Sara casi soltó un gemido. El palacio flotante era suyo, y Pat le había invitado. Él jamás habría rechazado la invitación de una preciosa mujer. La primera vez que lo vio, él asistía a una fiesta acompañado de una estudiante que vivía en el mismo bloque de apartamentos que ella, pero eso no le había impedido flirtear con ella, ni marcharse con ella, y Sara había sido lo bastante estúpida como para permitírselo.

Para ser justos con la otra chica, al día siguiente había intentado advertirle. Le había dicho a Sara que se había fijado en ella mientras la chica salía con otro hombre, que era un seductor redomado y que una no podía fiarse de él más que para un revolcón ocasional. Con el tiempo, Sara deseó haberle hecho caso en lugar de acusarla de celosa. Los ojos azules se ensombrecieron momentáneamente al recordar el dolor, y más…

–Ya veo –Sara se dio cuenta, de repente, del prolongado silencio. Porque, al fin, lo veía claro.

Guido había sido su primer y único amante, y cuando ella quedó embarazada y se casaron, pensó que su vida no podía ser más perfecta. La llevó a vivir a Italia, a la inmensa villa familiar en la bahía de Nápoles, donde ella había descubierto que tenía mucho dinero. Al final, una combinación letal entre el odio que sentía la familia hacia ella, los oídos sordos de Guido, además de su evidente falta de confianza en ella, casi la había destrozado.

No había tenido otra opción que conservar la cordura.

Al contemplar el impresionante yate de su propiedad, y recordando un artículo sobre su vida aparecido al cumplir los treinta, ella supo que no pertenecía a su clase. El artículo describía su vida desde el colegio a la universidad, de donde había salido para dirigir la empresa de transporte de la familia. Gracias a su perspicacia para los negocios, Guido Barberi había transformado el negocio con la adquisición de una flota de barcos mercantes, petroleros, una línea aérea de transporte y otras empresas, en uno de los grupos de empresas de más éxito de Italia. A partir de una pequeña empresa de transportes en Nápoles, el Grupo Barberi se había convertido en una de las empresas más lucrativas de Italia, con más de doscientos mil empleados en todo el mundo.

El Grupo Barberi… moviendo el mundo, había sido el título del artículo. En cuanto a Guido Barberi, decía que se le consideraba uno de los solteros más codiciados del mundo y la lista de hermosas mujeres con las que había salido era interminable. Pero no se mencionaba siquiera que hubiese estado casado.

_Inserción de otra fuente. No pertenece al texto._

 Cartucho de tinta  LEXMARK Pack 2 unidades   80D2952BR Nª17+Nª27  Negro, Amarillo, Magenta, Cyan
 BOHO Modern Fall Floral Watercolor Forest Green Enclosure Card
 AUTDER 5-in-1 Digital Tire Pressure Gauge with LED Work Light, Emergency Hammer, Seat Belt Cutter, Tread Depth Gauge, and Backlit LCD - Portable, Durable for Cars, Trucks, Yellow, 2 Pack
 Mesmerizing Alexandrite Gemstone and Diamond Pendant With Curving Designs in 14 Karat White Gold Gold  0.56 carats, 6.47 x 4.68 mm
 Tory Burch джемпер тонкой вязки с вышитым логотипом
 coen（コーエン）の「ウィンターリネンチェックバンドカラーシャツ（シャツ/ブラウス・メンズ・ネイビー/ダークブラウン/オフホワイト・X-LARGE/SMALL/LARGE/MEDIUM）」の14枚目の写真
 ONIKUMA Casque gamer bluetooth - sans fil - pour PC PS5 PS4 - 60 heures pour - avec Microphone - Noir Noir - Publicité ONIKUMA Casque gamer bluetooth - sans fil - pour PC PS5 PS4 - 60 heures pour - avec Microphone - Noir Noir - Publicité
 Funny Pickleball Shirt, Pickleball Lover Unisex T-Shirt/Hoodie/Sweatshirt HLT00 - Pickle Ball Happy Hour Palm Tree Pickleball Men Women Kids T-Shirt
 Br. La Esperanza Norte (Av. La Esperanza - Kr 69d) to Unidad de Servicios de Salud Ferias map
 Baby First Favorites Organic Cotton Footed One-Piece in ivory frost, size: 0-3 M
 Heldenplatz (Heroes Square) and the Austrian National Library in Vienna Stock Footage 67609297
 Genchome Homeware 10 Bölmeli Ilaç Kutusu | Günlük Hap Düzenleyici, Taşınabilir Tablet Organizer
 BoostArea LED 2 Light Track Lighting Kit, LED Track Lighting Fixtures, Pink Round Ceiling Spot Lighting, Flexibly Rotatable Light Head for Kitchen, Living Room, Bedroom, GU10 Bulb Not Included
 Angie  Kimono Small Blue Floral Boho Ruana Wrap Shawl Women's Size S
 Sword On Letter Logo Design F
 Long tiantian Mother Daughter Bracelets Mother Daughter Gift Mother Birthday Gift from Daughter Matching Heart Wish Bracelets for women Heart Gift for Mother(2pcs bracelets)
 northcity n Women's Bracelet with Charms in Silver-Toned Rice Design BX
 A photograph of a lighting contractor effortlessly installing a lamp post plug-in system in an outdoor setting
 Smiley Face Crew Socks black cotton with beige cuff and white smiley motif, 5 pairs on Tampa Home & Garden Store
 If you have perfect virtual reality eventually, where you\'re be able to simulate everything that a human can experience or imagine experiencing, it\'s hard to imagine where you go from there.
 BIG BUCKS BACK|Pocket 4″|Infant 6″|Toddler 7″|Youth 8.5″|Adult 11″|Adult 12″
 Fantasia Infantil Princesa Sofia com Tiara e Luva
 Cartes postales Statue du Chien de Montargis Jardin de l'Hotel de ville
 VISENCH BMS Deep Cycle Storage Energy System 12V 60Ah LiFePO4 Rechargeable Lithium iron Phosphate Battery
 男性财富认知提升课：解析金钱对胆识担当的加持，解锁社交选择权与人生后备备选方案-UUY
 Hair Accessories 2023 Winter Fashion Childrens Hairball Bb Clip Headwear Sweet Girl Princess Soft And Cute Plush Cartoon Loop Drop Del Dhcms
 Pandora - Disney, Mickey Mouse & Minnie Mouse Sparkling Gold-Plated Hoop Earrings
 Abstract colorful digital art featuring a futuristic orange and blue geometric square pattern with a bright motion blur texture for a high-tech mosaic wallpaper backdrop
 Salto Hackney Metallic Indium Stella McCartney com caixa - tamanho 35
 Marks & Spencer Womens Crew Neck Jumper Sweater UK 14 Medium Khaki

Había borrado a Sara de su biografía con la misma facilidad con que se había deshecho de ella. Ella supuso que se habría casado en los cuatro años que siguieron al artículo.

Los ojos azules estudiaron el atractivo rostro que aún tenía el poder de acelerarle el pulso. Pero también observó la crueldad de su sonrisa. Era un hombre seguro de sí mismo, con una arrogante convicción en su superioridad sobre los demás mortales… un hombre al que pocos, o nadie, se atreverían a desafiar. Y ella supo que había tomado la decisión correcta años atrás.

 

 

Guido percibió lo que le pareció un destello de temor en los ojos de ella, y una ligera dilatación en las pupilas que no podía ocultar. Había sentido el temblor de su cuerpo al tocarla. Su oscura mirada se posó en el escote del vestido, donde los pezones se marcaban claramente, y sintió una sensación de euforia. A lo mejor ella no había reparado en su presencia al subir a cubierta, pero, desde luego, en esos momentos sí. Su cuerpo la había delatado, tal y como había sucedido hacía diez años al verse por primera vez.

–Estoy seguro de que no te importa que baile con Sara –Guido se volvió hacia Wells–. Tenemos que ponernos al día –añadió mientras observaba la confusión en el rostro del joven y luego fijaba sus ojos, claramente desafiantes, en Sara.

–Estupendo, Guido –para alivio de Sara, Pat apareció en ese instante y tomó a Guido del brazo–. Te presentaré. Esta es Sara Beecham, nuestra cocinera. Hazme un favor y utiliza tus encantos, que es evidente que te sobran, para conseguir que se divierta un poco.

–Ya me he adelantado –respondió Guido con su habitual carisma–. Ya le he pedido que baile conmigo, y espero una respuesta.

–Pues claro que bailará –Pat respondió por ella–. Adelante, Sara. Ya te he dicho más de una vez que corres el peligro de convertirte en la típica cocinera: gorda y comiéndote tu propia comida.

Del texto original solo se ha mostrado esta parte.